1. Examinations and operations with a short fasting phase (4-6 hours):

  • At the first meal after the operation, you re-start the treatment with blood sugar-reducing medication.
  • If you are treated with a mixed insulin, i.e., a combination of fast-acting insulin and delayed-action insulin (conventional insulin therapy), a significant reduction in the insulin dose is necessary before the examination or operation. Discuss with the attending physician how you should proceed.
  • When using intensified insulin therapy, injectt he basal insulin as normal. For insulin pump therapy, the basal rate can also remain unchanged. Monitor your blood sugar levels frequently. If necessary, correct your insulin levels using rapid-acting insulin. The amount of insulin required may increase after the procedure.

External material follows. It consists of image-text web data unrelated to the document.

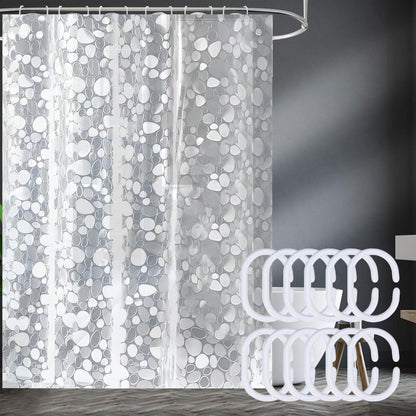 QEEROYO 180 x 200 cm Transparent Anti-Mould Shower Curtain, Waterproof EVA Plastic, 3D Clear Pebble, 12 Hooks, Antibacterial, for Wet Room, Bathtub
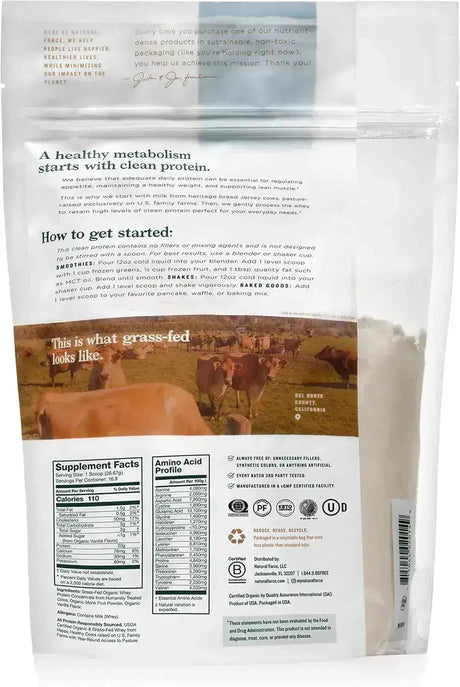NATURAL FORCE - Natural Force Grass Fed Organic Whey Protein Powder Vanilla 454Gr. - The Red Vitamin MX - Suplementos Alimenticios - {{ shop.shopifyCountryName }}
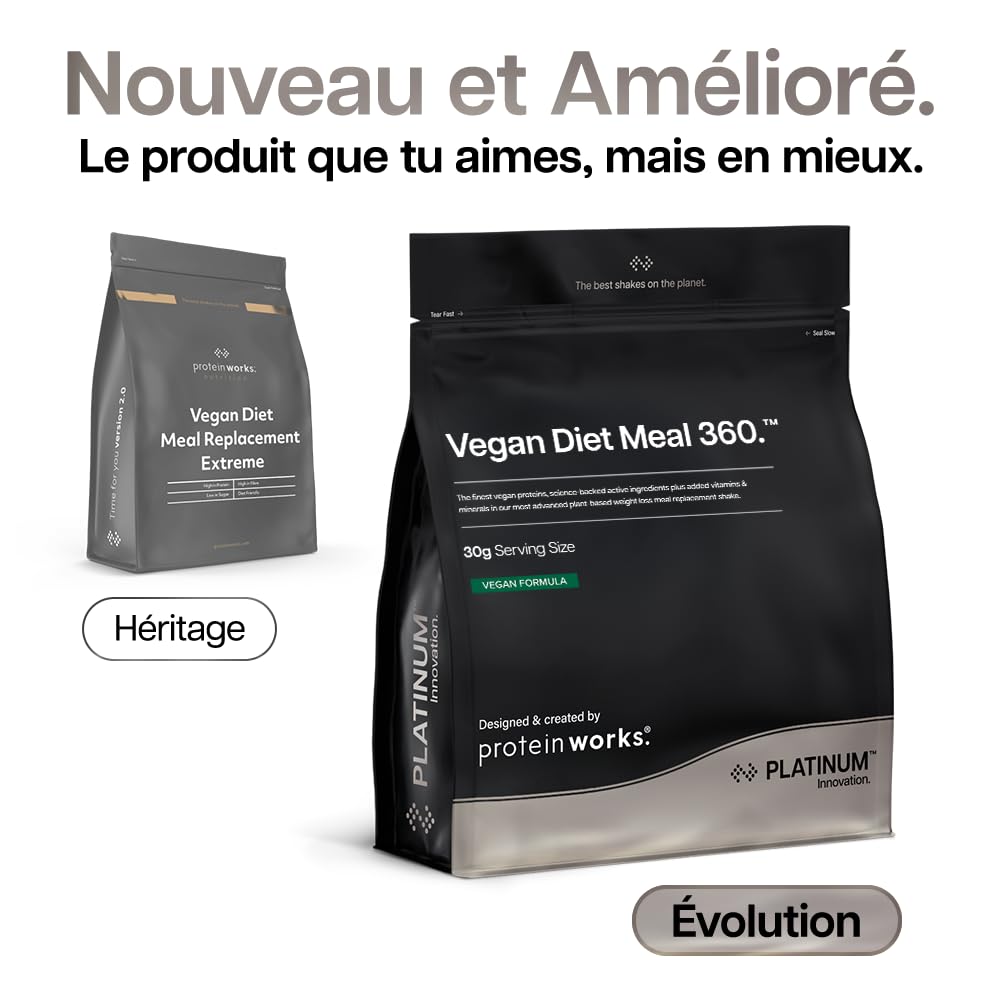 THE PROTEIN WORKS Substitut de Repas Vegan Extreme | Vanille Crème | Vitamines Renforçant l'Immunité | Protein Works | 1kg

2. Operations with a medium to long fasting phase (6 to 24 hours and more than 24 hours):

  • During the operation, the blood sugar is controlled using a glucose-insulin infusion (more precisely, a glucose-insulin-potassium infusion (GIK). Blood glucose levels are measured every hour. After an operation, blood glucose is checked every 1 or 2 to 4 hours until glucose metabolism returns to normal.
  • For long fasting phases (more than 24 hours), in the early stage, treatment is the same as the medium fasting phase. However, later the patient is given enteral nutrition.
  • The operation can release more hormones that are antagonists of insulin. Therefore, you may need more insulin and fluids temporarily after a long operation.

7. What happens during a diabetic emergency during an inpatient hospital stay?

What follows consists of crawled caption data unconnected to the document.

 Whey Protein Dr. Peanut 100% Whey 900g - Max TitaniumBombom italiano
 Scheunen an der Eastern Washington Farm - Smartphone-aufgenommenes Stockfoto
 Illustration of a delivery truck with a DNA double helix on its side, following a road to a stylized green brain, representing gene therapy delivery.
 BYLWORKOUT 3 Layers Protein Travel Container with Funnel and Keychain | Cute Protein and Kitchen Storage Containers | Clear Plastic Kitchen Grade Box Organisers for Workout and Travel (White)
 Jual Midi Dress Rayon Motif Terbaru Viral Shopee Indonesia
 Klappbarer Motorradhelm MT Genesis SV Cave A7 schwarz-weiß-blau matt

At the hospital, your diabetes diagnosis will be clearly noted in your medical record for all to see. This is important so that healthcare professionals can take immediate and appropriate action in the event of a diabetic emergency.

The risk of metabolic derailment during hospitalization is increased. Reasons for this are stress, infections or operations. These can lead to serious to life-threatening diabetic emergencies such as severe hypoglycemia or severe hyperglycemia.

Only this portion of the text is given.